◆ TASK OBJECTIVE ◆
Exact copies of all the lines below are required, with the pictures omitted.

◆ COLLECTED MATERIAL ◆
========================================================================

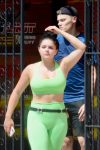 Ariel Winter Sexy ()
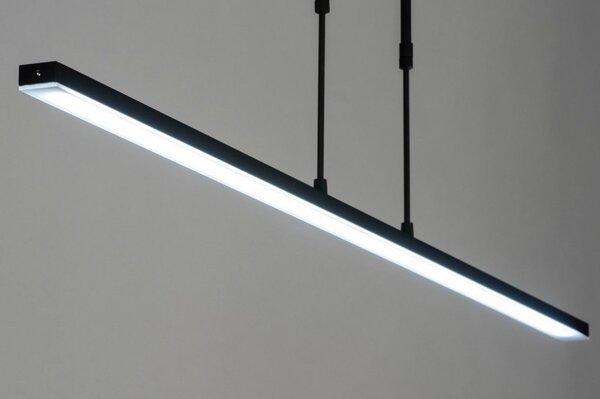 Závěsné stmívatelné LED svítidlo Lineo Deluxe Black (LMD)
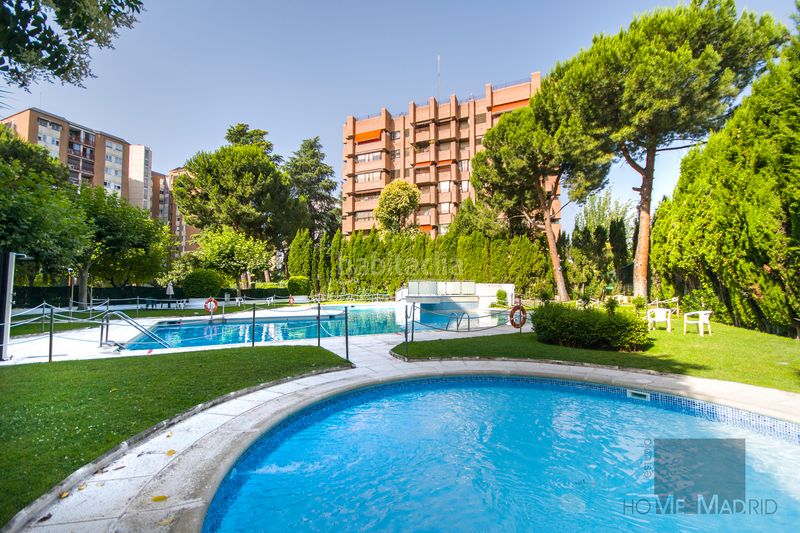 Foto 2fb87100-5363-4bcf-aad8-24b9206f267d. Àtic amb calefacció aparcament piscina a La Paz Madrid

========================================================================

◆ ANSWER BOX ◆
 Ariel Winter Sexy ()
 Závěsné stmívatelné LED svítidlo Lineo Deluxe Black (LMD)
 Foto 2fb87100-5363-4bcf-aad8-24b9206f267d. Àtic amb calefacció aparcament piscina a La Paz Madrid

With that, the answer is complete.